Mi parlò poi del nostro re, Nexo. Lo descrisse come un demone piuttosto autoritario, che concedeva quasi fin troppa libertà al suo popolo ma restava totalmente inflessibile nei confronti di alcune sue ideologie 'sacre', che pretendeva venissero rispettate. Per chiunque non le accettasse, comunque, era prevista una lunga sessione di torture con successiva esecuzione in pubblica piazza, motivo per cui nessuno aveva intenzione di disobbedirgli.

Non imponeva molti limiti, ma i pochi che prevedeva erano naturalmente invalicabili.

Non potei fare a meno di rimanere affascinata dal nostro re e dal nostro regno, dai nostri ideali e dalla nostra libertà. Se non per alcuni particolari, quasi quasi la si poteva considerare una perfetta anarchia.

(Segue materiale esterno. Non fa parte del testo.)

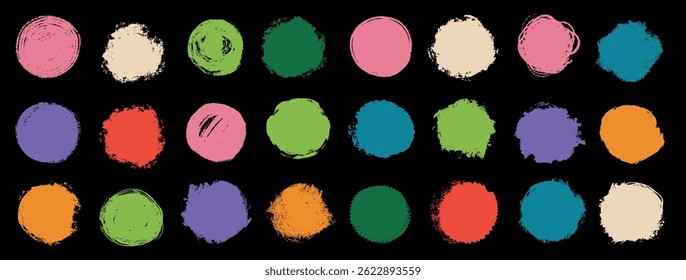Brush round ink chalk circle blots set. Retro vintage  hand drawn stain marks collection. Oval grunge doodle sketches.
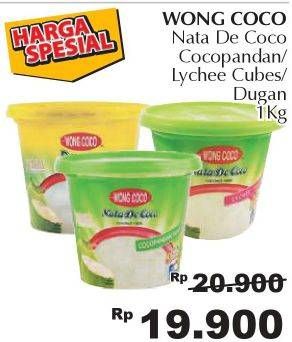 Promo Harga WONG COCO Nata De Coco Cocopandan, Lychee, Dugan Cube 1 kg - Giant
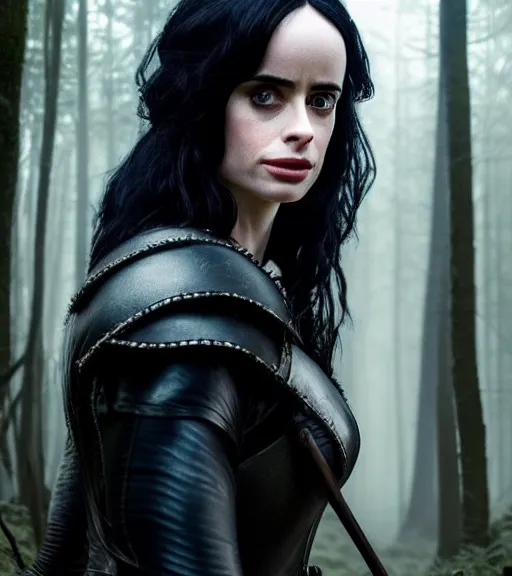 Image similar to 5 5 mm close up portrait photo of krysten ritter as yennefer of vengerberg in black leather armor and long black fluff hair, in a forest. magical atmosphere. art by greg rutkowski. lifelike. very detailed 8 k. intricate. soft light. nikon d 8 5 0.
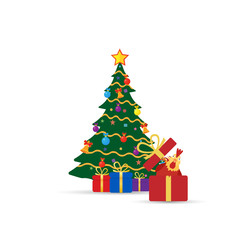 Christmas tree with gifts and red rooster - a symbol of the new 2017.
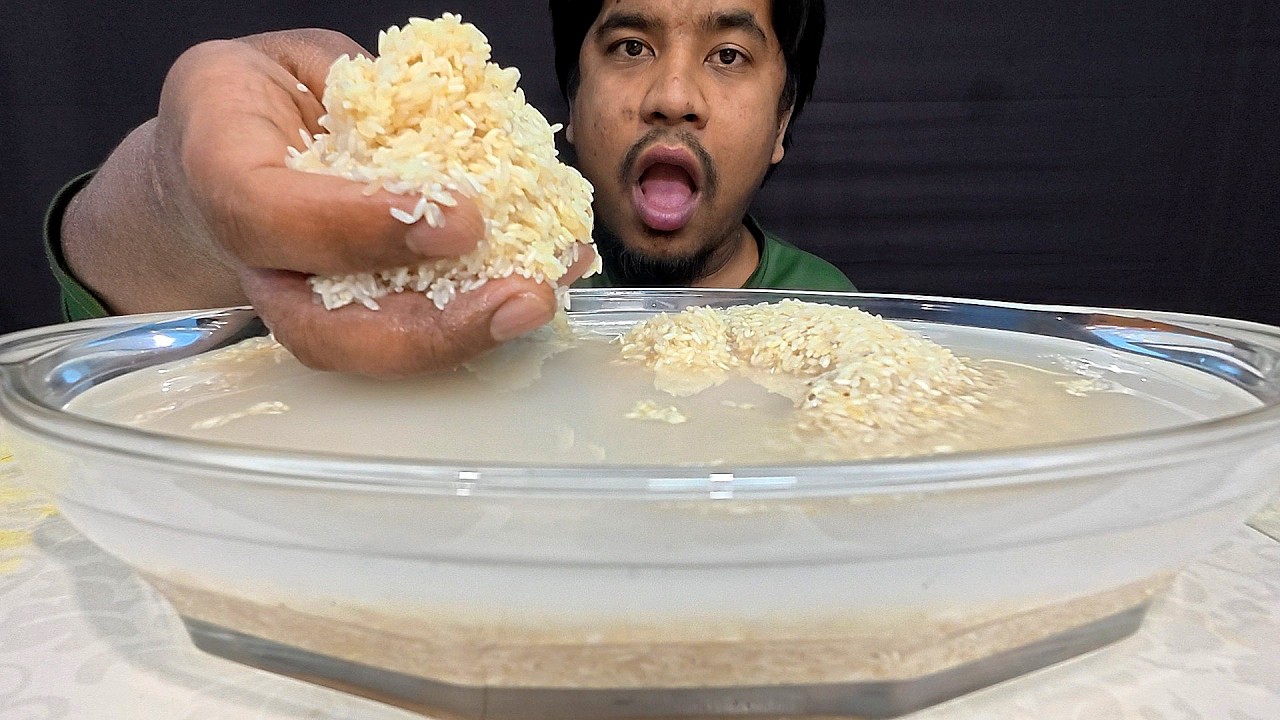 HARD RAW RICE & WATER EATING CHALLENGE WITH HAND 😋 | RAW RICE EATING ASMR | RAW RICE MUKBANG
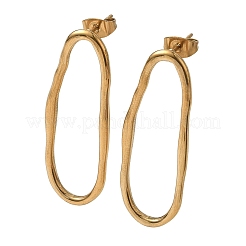 女性用304ステンレススチール楕円スタッドピアス  18KGP本金メッキ  38.5x14mm&nbsp;SA-CBA21A8-03G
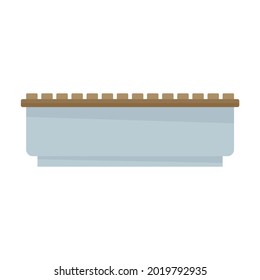 Stone bench icon. Flat illustration of stone bench vector icon isolated on white background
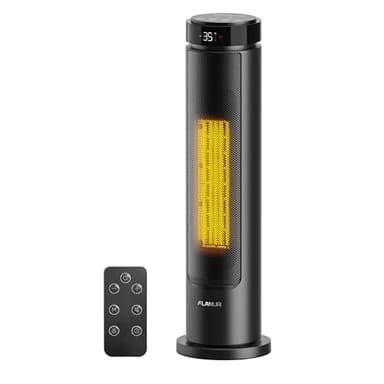 FLANUR Heizlüfter Energiesparend, 2000W PTC Keramik Heizlüfter Leise, 60cm Elektroheizung mit Thermostat & Fernbedienung, ECO Modus, 70° Oszillation, 12h Timer (Black, 1Pack+4 Modi)
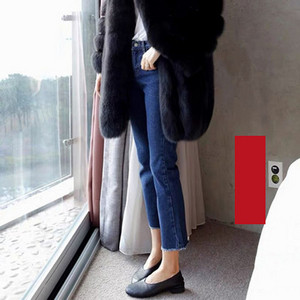 Moodsad kõrge vöökohaga naiste teksad pikkusega -9/10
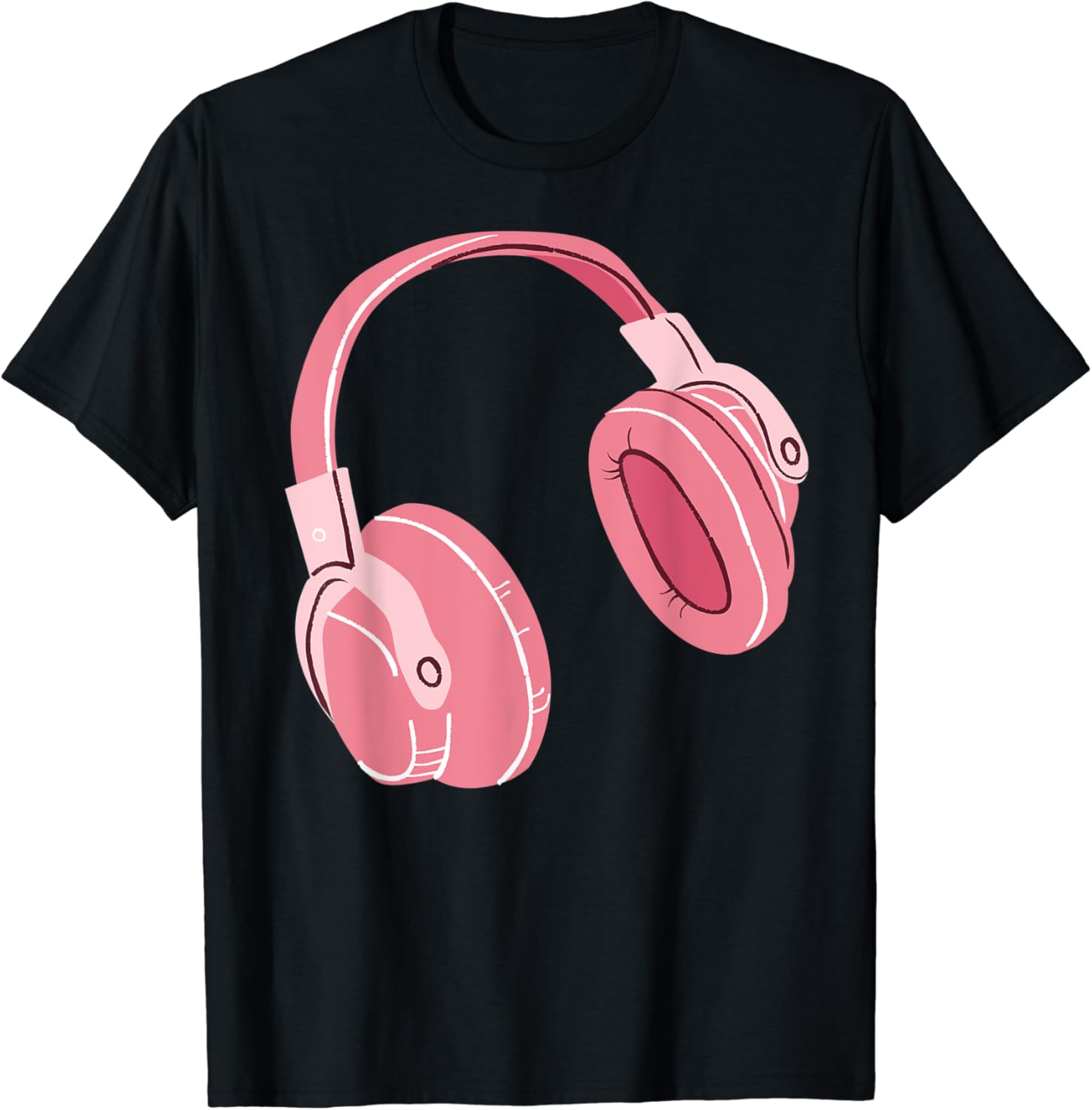 Pink Headphones Vintage Retro Cute Graphic Tee Stylish T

Proprio quando il racconto iniziava a farsi più interessante, però, iniziai ad avvertire dolorosissime fitte alla testa. Shax probabilmente se ne accorse subito, e si bloccò all'istante tentando di capire cosa stesse succedendo.

Gli chiesi di andarsene, ma lui non volle saperne di lasciarmi sola e fui perciò costretta a uscire di corsa dalla stanza e a zigzagare per il corridoio in cerca di un bagno. Naturalmente, il bagno non lo raggiunsi. La vista iniziò ad annebbiarmisi e istintivamente ruotai un po' gli occhi all'insù. Riuscii a sentire solo per un attimo la voce di Shax accanto a me gridare qualcosa, probabilmente stava chiedendo aiuto. Poi di nuovo niente.

Di nuovo il buio.

Sarebbe andata avanti così per molto tempo.